Final answer:
To calculate the total distance traveled by the projectile in the first 5 seconds, one should compute the upward distance to the maximum height using integration of the velocity function, then compute the distance it falls down by integrating from the time it reaches the maximum height to 5 seconds, and sum the two distances.
Step-by-step explanation:
The question asks about calculating the total distance a projectile travels when launched straight up with an initial velocity of 100 ft/s and subjected to Earth's gravity. To determine the total distance traveled by the projectile during the first 5 seconds, we must consider the upward and downward paths. The velocity function is given by v(t) = 100 - 32t ft/s, which accounts for the acceleration due to gravity (32 ft/s2 downward).

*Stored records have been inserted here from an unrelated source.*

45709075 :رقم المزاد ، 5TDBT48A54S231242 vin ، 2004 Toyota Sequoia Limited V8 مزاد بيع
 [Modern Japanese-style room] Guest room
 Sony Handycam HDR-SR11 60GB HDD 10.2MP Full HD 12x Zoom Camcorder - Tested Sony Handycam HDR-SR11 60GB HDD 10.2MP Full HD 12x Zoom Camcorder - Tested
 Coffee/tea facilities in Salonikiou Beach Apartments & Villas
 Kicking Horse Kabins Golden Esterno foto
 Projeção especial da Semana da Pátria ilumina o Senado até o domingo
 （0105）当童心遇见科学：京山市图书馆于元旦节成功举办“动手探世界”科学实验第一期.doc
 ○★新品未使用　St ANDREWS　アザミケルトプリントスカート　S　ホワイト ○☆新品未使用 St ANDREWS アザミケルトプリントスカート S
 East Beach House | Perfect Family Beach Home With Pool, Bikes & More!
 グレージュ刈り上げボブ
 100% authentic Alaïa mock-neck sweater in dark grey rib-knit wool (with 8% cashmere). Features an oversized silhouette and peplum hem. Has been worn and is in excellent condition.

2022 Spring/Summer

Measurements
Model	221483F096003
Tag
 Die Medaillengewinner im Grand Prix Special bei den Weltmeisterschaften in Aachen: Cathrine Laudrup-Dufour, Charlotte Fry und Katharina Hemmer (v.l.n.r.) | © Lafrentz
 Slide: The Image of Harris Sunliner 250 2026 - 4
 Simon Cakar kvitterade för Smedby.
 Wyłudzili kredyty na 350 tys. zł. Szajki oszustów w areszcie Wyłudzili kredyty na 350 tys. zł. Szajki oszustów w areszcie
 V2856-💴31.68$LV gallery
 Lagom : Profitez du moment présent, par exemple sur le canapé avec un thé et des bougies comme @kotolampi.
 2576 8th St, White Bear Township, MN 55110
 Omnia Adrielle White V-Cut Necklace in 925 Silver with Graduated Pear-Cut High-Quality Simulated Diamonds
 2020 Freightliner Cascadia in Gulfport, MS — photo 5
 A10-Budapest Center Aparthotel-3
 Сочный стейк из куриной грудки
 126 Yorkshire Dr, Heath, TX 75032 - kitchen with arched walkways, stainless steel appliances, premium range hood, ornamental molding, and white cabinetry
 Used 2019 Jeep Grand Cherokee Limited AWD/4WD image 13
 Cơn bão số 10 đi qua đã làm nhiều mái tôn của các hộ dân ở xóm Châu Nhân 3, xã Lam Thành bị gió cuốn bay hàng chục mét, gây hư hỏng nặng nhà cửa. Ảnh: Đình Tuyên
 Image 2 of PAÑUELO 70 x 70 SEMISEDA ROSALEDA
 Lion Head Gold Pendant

First, we need to find the time at which the projectile reaches its maximum height. This occurs when its velocity is zero. Setting the velocity function equal to zero, we get tmax = 100/32 seconds. Since this time is less than 5 seconds, we know that the projectile reaches its maximum height and starts falling back down within the 5-second interval.
To find the distance traveled to the maximum height, we integrate the velocity function from 0 to tmax. The integral of v(t) from 0 to tmax is (100t - 16t2) evaluated from 0 to 100/32, which gives us the height H reached by the projectile. To find the total distance traveled in 5 seconds, we then calculate the distance fallen back down from tmax to 5 seconds by integrating the velocity function again but with the proper limits of integration.
After performing these calculations, we sum the upward and downward distances to compute the total distance traveled by the projectile during the first 5 seconds.